Compounds Mol Wt LS1D LS2D PLP1 PLP2 JAIN -PMF -LE DS
1 227.2 2.42 3.94 56.46 52.2 1 166.72 2.1 56.0
2 250.2 3.03 4.78 58.76 59.46 2.47 181.93 3.0 50.2
3 264.3 1.6 4.6 70.0 66.6 2.3 176.1 2.9 51.6
4 441.5 2.82 5.41 79.78 76.05 2.79 162.71 6.6 64.9
5 279.2 2.23 4.85 71.4 66.83 1.99 187.08 3.0 50.6
6 291.7 3.31 5.4 74.34 73.9 2.6 156.19 3.0 56.8
7 261.7 2.94 4.7 64.7 59.09 1.25 168.66 −2.5 58.9
8 284.7 1.58 4.31 64.8 63.17 1.71 168.13 3.4 52.7
9 360.8 1.49 4.76 73.11 71.34 2.03 188.54 6.6 58.2
10 313.7 3.11 5.13 75.77 72.83 2.12 191.14 2.9 52.3
11 278.3 1.48 4.38 63.1 62.07 2.33 164.55 3.8 51.6
12 340.4 1.72 4.62 68.11 69.58 3.37 181.81 6.3 57.4
13 293.3 2.23 4.58 72.74 68.95 1.34 198.94 1.6 51.9
Acarbose 602.2 5.88 5.84 63.24 60.17 −1.73 270.87 −9.4 64.3

LS1D and LS2D: LigScore1D and 2D are a fast, simple, scoring function for predicting receptor-ligand binding affinities.

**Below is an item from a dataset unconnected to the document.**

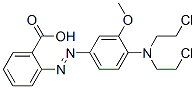 CAS#: 40136-93-4， 2-[[4-[Bis(2-Chloroethyl)Amino]-3-Methoxyphenyl]Azo]Benzoic Acid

PLP1 and PLP2: Piecewise Linear Potentials 1 and 2 are fast, simple, docking function that has been shown to correlate well with protein-ligand binding affinities.

JAIN: An empirical scoring function (lipophilic interactions, polar attractive interactions, polar repulsive interactions, solvation of the protein and ligand, and an entropy term for the ligand) through an evaluation of the structures and binding affinities of a series of protein-ligand complexes.

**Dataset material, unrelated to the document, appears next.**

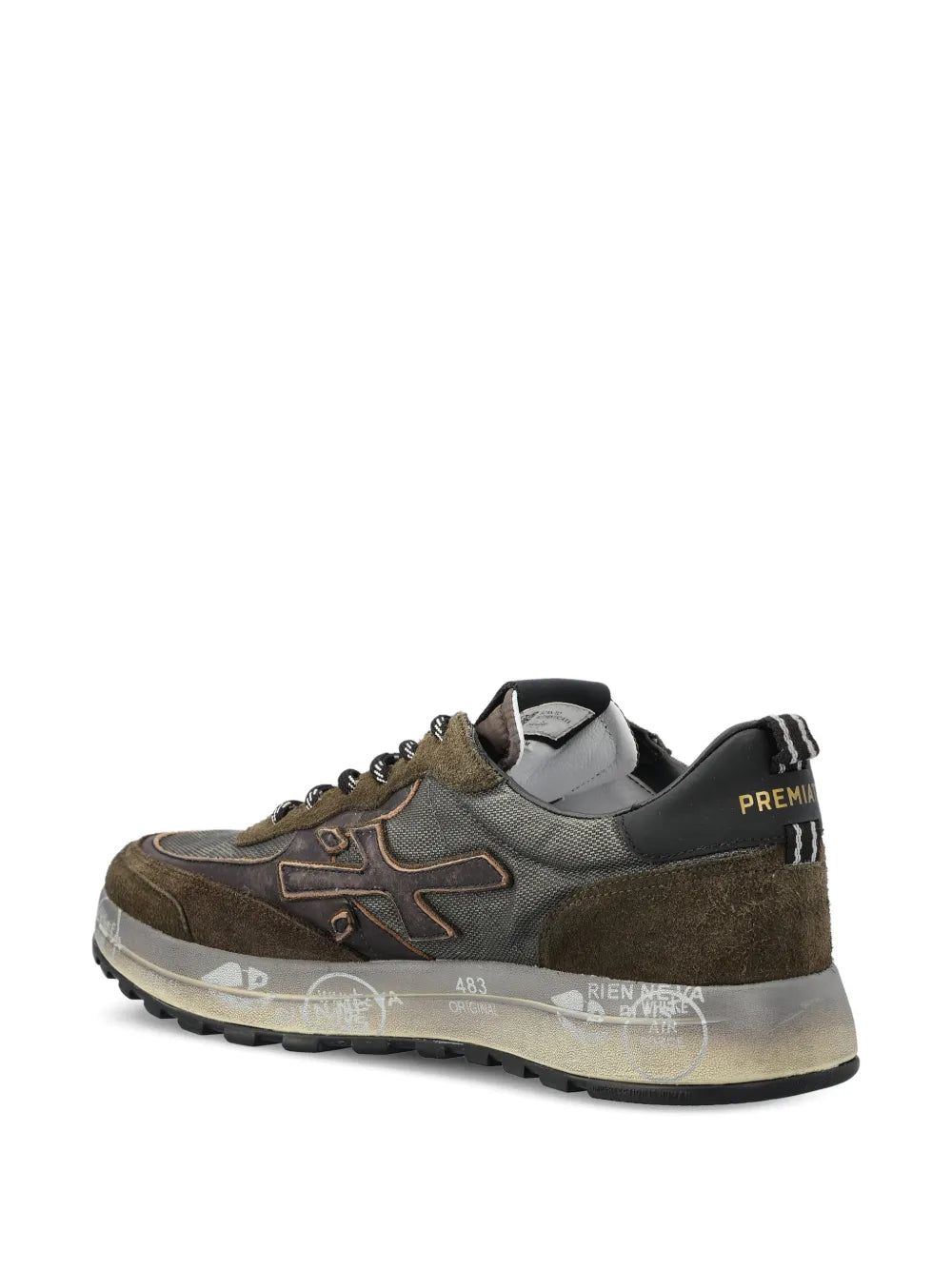 Premiata tenis con aplique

PMF: Potential of Mean Force is the scoring function developed based on statistical analysis of the 3D structures of protein-ligand complexes.

LE: Ligand internal Energy, the internal non bonded ligand energy is calculated for each new conformation that is generated.

DS: Dock Score, candidate ligand poses are evaluated and prioritized according to the Dock Score function.